8 Indians among 18 Asians elected to British Parliament

London: Setting a new record for representation of Asians in the UK, a record number of 18 candidates, including eight Indian-origins have made their way into the prestigious British House of Commons after emerging victorious in the just concluded UK parliamentary polls.

A record number of eight Indian-origin candidates including two women have been elected to the parliament. Other ten Asian candidates, mostly of Pakistan origin, have also won in the general election.

They included three Muslim women – all Labour – elected to the 650-member House of Commons.

Prominent among the Indian-origin candidate is Keith Vaz who has been re-elected from the Leicester East constituency for the sixth time, gaining a bigger vote than ever before.

Vaz won 53.76 percent of the vote, totaling 25,804 votes – up by more than 1,000 votes on his total for the 2005 General Election.

Other winners are Vaz’s sister Valerie, a lawyer who won her seat of Walsall South in the West Midlands on a Labour ticket and Priti Patel, a Conservative candidate from Witham. Keith Vaz and his sister will be the first brother and sister to sit in the House of Commons at the same time.

Vaz said on May 13: “It is truly an honor to have been re-elected to represent the people of Leicester East.

I will continue to do my very best to repay the confidence and trust that people have placed in me again.

I will continue to put the needs of Leicester first and fight for what Leicester rightly deserves.
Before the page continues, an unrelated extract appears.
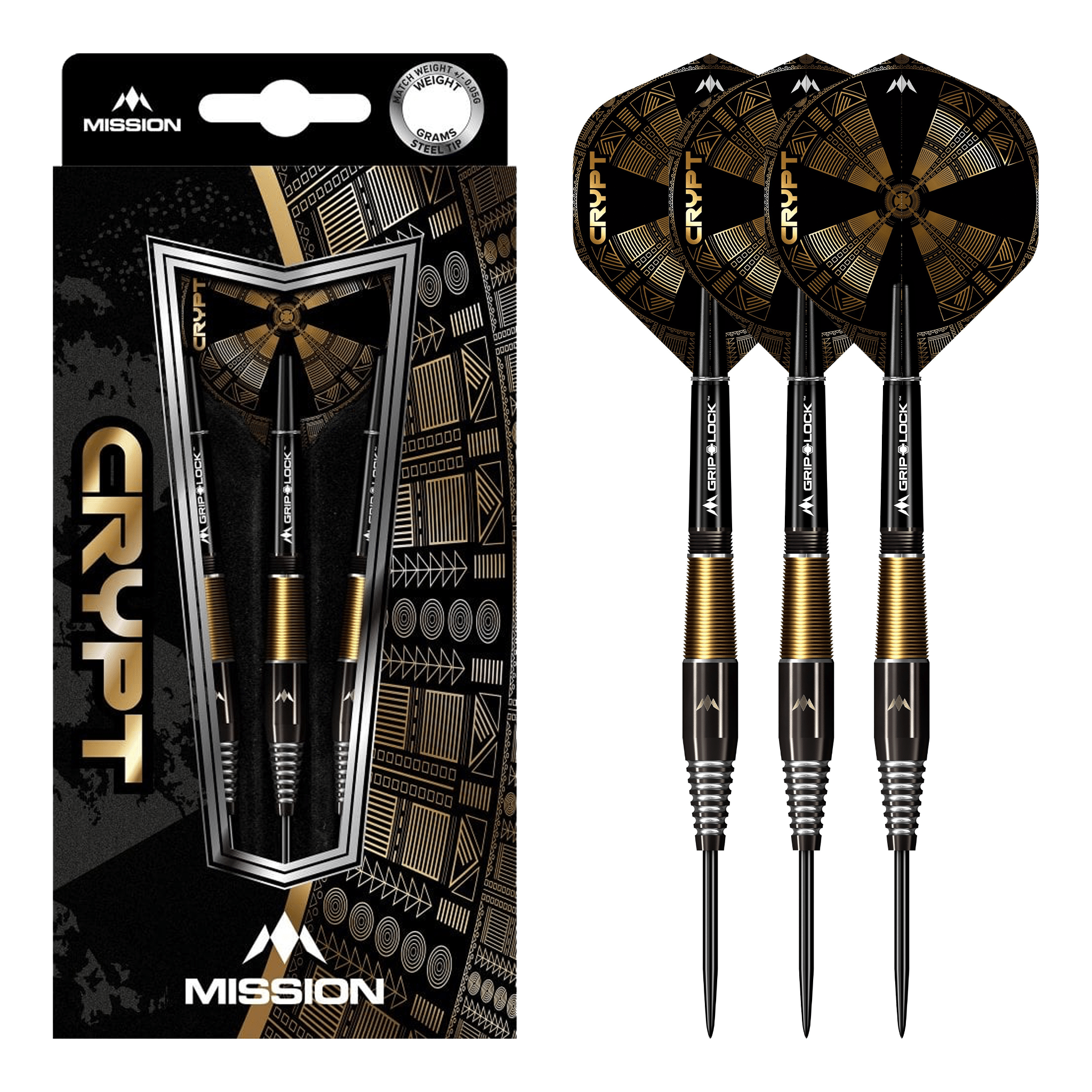 Crypt M2 - 90% Tungsten Steel Tip Darts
I am delighted that Valerie has been elected, she will make an excellent MP and I look forward to debating in the Commons together.”
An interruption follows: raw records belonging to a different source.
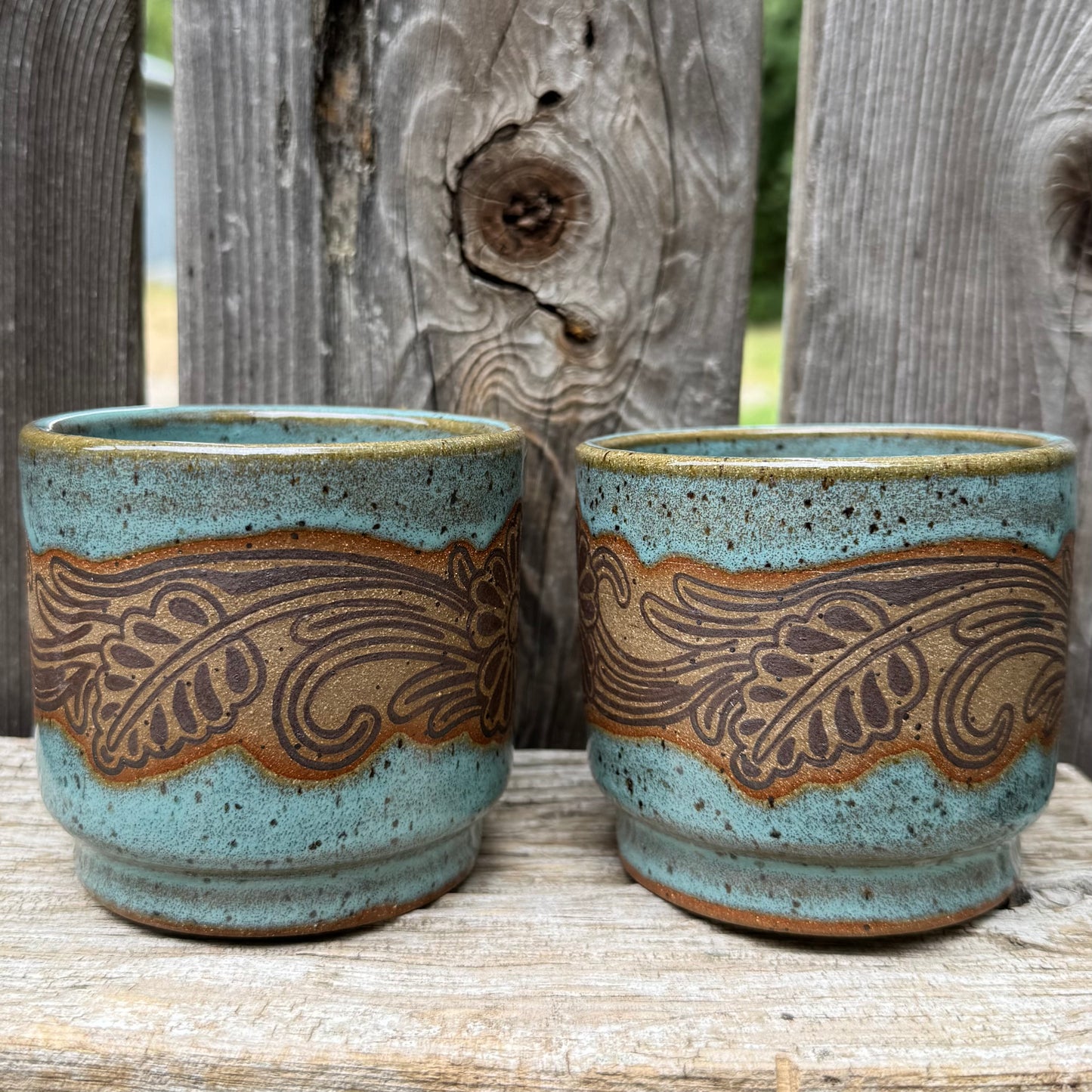 2026 STACKING COCKTAIL SET #1 - Turquoise Laramie Flower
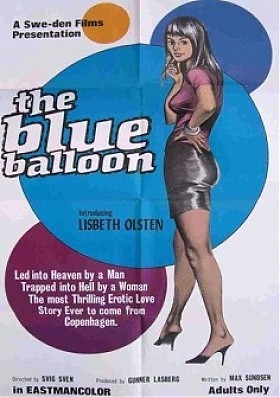 Голубой воздушный шар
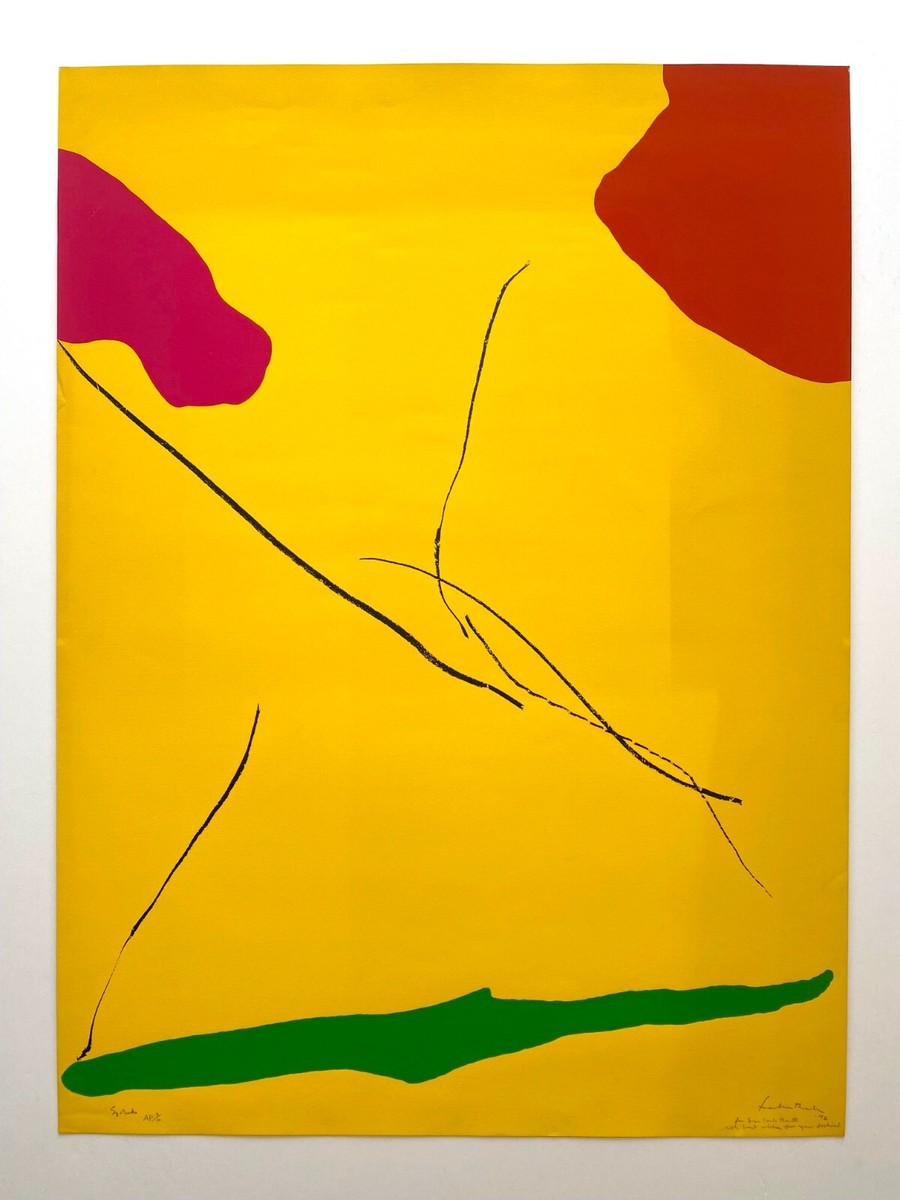 HELEN FRANKENTHALER RARE LMT ED HAND SIGNED LRG SILKSCREEN PRINT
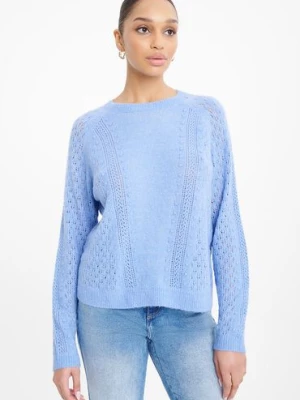 Sweter nierozpinany damski niebieski Greenpoint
Other NRI winning candidates are Virendra Sharma from Ealing Southall, Marsha Singh (Labour) from Bradford West, Shailesh Vara (Conser-vative) from Cambridgeshire North West, Alok Sharma (Conservative) from Reading West, and Paul Uppal (Conservative) from Wolver-hampton South West.
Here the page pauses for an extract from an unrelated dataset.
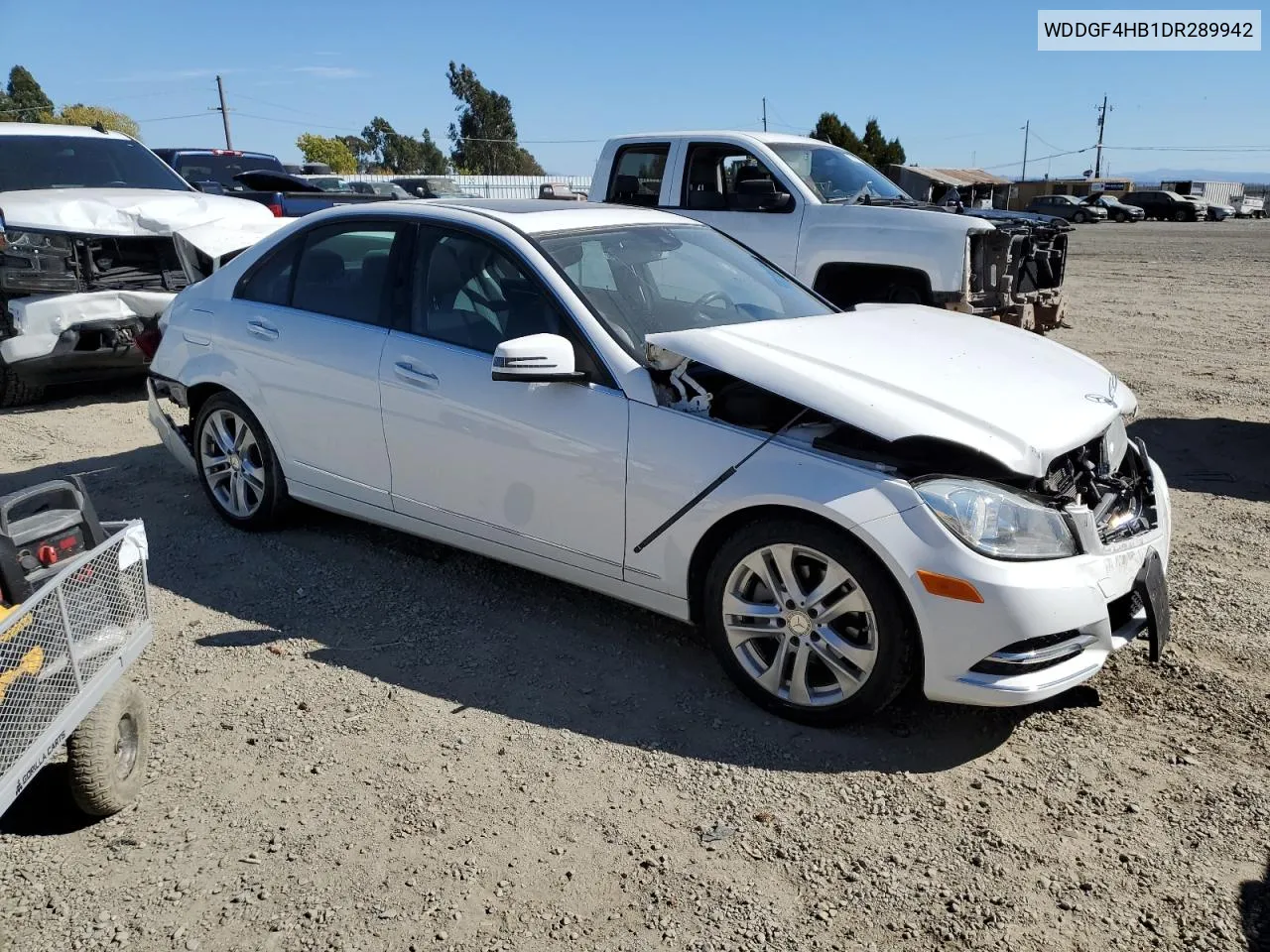 2013 Mercedes-Benz C 250 VIN: WDDGF4HB1DR289942 Lot: 70060584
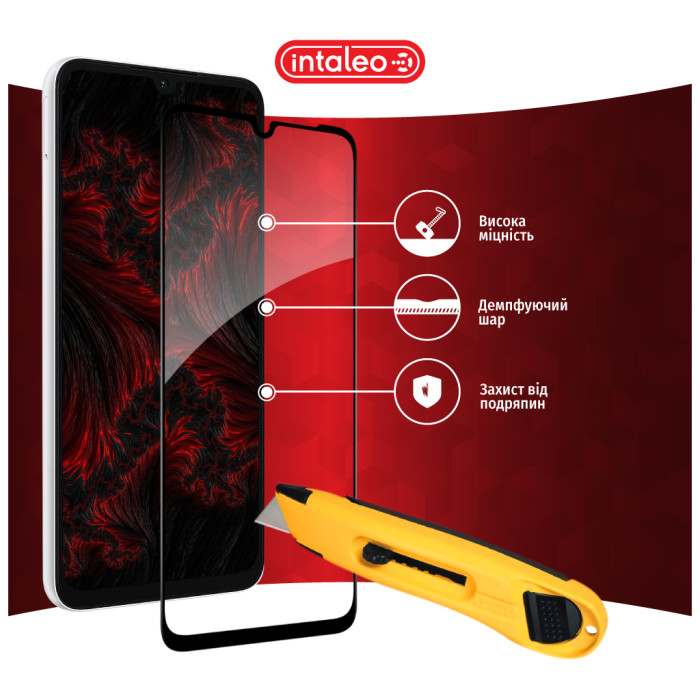 Скло захисне Intaleo Full Glue Samsung A05 Black (1283126578328)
Paramjit Dhanda, (Labour) is a prominent NRI former Minister to lose from Gloucester constituency.

The first Muslim woman to win in the general election to the House of Commons is Shabana Mahmood, a Barrister.
She won from Birmingham Ladywood for Labour. She increased the majority of outgoing former Internatio-nal Development Secretary Clare Short from under 7,000 votes to more than 10,000 votes.